WASHINGTON (MNI) – The following is the third section of the G20 Declaration issued late Tuesday at the conclusion of the two-day meeting:
29. We value the discussion held by our Trade Ministers in Puerto Vallarta on the relevance of regional and global value chains to world trade, recognizing their role in fostering economic growth, employment and development and emphasizing the need to enhance the participation of developing countries in such value chains. We encourage a deepening of these discussions in the WTO, UNCTAD and OECD within their respective mandates, and we call on them to accelerate their work on analyzing the functioning of global value chains and their relationship with trade and investment flows, development and jobs, as well as on how to measure trade flows, to better understand how our actions affect our countries and others, and to report on progress under Russia’s Presidency.

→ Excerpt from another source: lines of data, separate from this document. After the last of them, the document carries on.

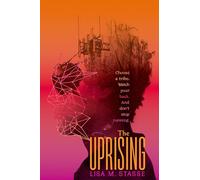 The Uprising (Forsaken - Trilogy)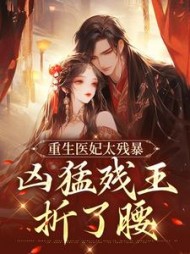 重生医妃太残暴,凶猛残王折了腰完整版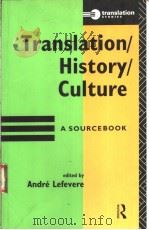 TRANSLATION/HISTORY/CULTURE:A SOURCEBOOK   1992年  PDF电子版封面    ANDRE LEFEVERE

30. In line with the Cannes Communiqu, we stand by the Doha Development Agenda mandate and reaffirm our commitment to pursue fresh, credible approaches to furthering trade negotiations across the board. We will continue to work towards concluding the Doha Round negotiations, including outcomes in specific areas where progress is possible, such as trade facilitation, and other issues of concern for least developed countries. We urge progress in streamlining WTO accession procedures for the worlds poorest countries.

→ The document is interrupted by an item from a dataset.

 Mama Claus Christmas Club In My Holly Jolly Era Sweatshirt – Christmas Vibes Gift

31. We support strengthening the WTO through improving the way it conducts its regular business, and its dispute settlement system. We also direct our representatives to further discussions on challenges and opportunities for the multilateral trading system in a globalized economy.
Strengthening the international financial architecture
32. We recognize the importance of effective global and regional safety nets. We welcome the firm commitments to increase the resources available to the IMF. This is the result of a broad international cooperative effort that includes a significant number of countries. The commitments exceed $450 billion and are in addition to the quota increase under the 2010 Reform. These resources will be available for the whole membership of the IMF, and not earmarked for any particular region. These resources, which qualify as reserve assets, would be channeled through bilateral loans and investments such as note purchase agreements to the IMFs General Resources Account under the modalities which have been approved by the IMF Executive Board. This effort shows the G20 and the international communitys commitment to take the steps needed to safeguard global financial stability and enhance the IMFs role in crisis prevention and resolution.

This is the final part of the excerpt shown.